Hermione inched her gaze up, just a little, and she saw the woman who'd have loved nothing more than to see Hermione's name on a gravestone rather than a guest list.

"Mother," Draco began, softly, but he was silenced by the raise of her hand. The Malfoys remained stationary, and it was then she noticed the small briefcase that leaned against the couch. McGonagall had said that the Eighth years were able to go away at their own discretion, but she'd not thought anyone would actually make use of this privilege.

"I didn't mean to offend you by asking," Hermione countered, her gaze still fixed on the floor. "It's just that polite people tend to ask questions rather than pick through peoples' minds."

"Yes, yes, you're so very righteous, so happy for you," she paused, to fidget with her earrings. "Tripley is waiting for us, darling. We'll be using the Floo network at our house in Hogsmeade."

"I'm sorry, did you seriously bring me up here just to tell me you weren't going to tutor me -- "

"And to invite you to the wedding, to give you a chance to change my mind." Mrs. Malfoy waved a hand, which was adorned with a few sleek, silver rings. One sparkled extra bright and sat on her ring finger. No doubt her wedding ring.

"You can't just turn up and say, _oh, come to a wedding in France_!" Hermione did her best not to shout, unable to make peace with the flippancy of the pair. "People don't do that. Normal people don't do that."

Mrs. Malfoy looked at Draco, as if he were stupid. "I'm failing to see the appeal, dear."

"It's Order business," Draco said, sharp and sure.

Hermione snapped her gaze to his, her lips pursed.

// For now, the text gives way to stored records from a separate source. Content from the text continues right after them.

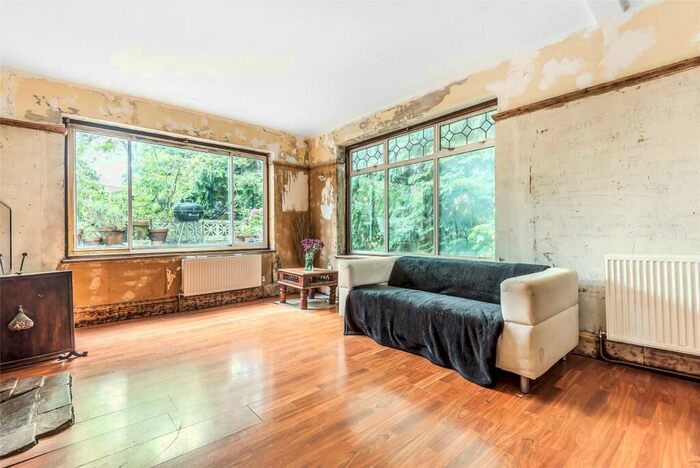 2 Bedroom Apartment For Sale In Stonegate Court, Buck Lane, Kingsbury, NW9
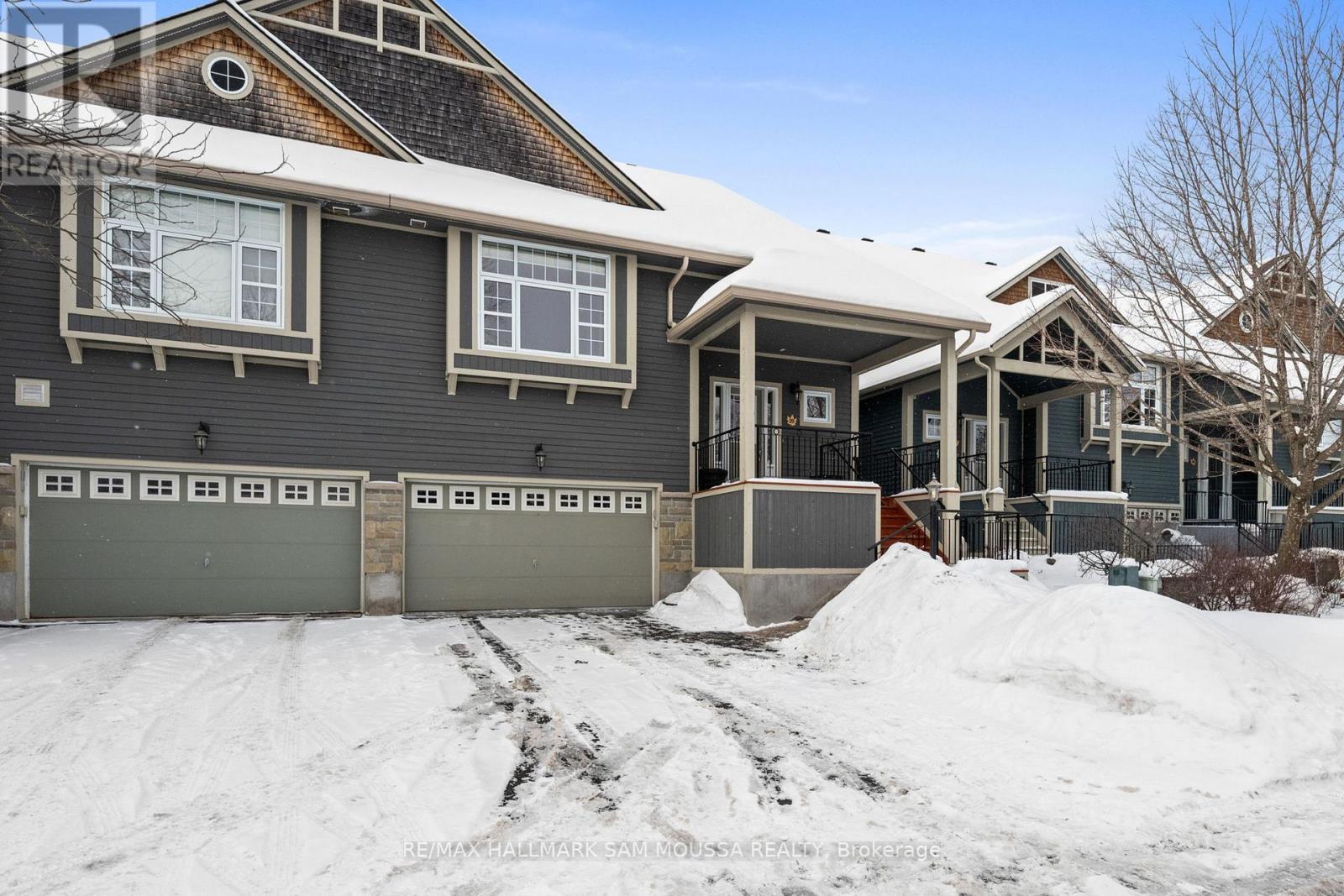 25 Marsh Sparrow Private, Ottawa, Ontario  K2K 3P1 - Photo 2 - X12774672
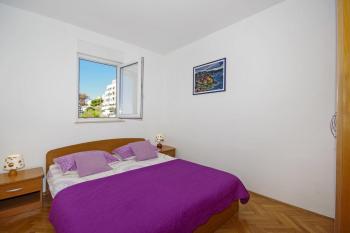 Apartments by the sea Split - 7589, Split (photo 2)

Mrs. Malfoy's eyebrows arched higher, as she looked at Draco with evident confusion. She melted back, until her brows relaxed and her faint smile returned.

"What do you mean?" Hermione insisted, her hands bunched at her sides. She stared him down, defiant and annoyed, desperate to know what the hell his angle was.

Draco looked at his mother, then at Hermione. "Remember your birthday, when I said I'd tell you something, but we never got a chance to talk?"

Hermione remained as cautious as an alley cat faced with a leash.

"I was going to tell you, then, about the wedding, but Emily -- " He exhaled through his teeth, and looked past Hermione, at the dorms. No one was down the stairs, but it was a black abyss, too difficult to see into and even more difficult to trust. "You of all people recognize that Hogwarts isn't a place to exchange information."

Every single cell in Hermione's body screamed that this was a lie and that he wanted her to come for other reasons. She didn't know what, and she had no proof, but he had hung bait in front of her and she was naive. She got that. But what if it was true She bounced on the spot, her teeth clenched and her fingers in motion as if she were on the edge of discovery.

"You're not lying, are you."

Draco shook his head, simply.

"Do you think Voldemort left something there?"

"She knows about all that?" Mrs. Malfoy said, dark and disappointed.

"Come to our house, in Hogsmeade. Even if you don't come to the wedding, at least we can speak freely," he looked past her again.

* * *

"This tea is lovely," Hermione said to test the waters.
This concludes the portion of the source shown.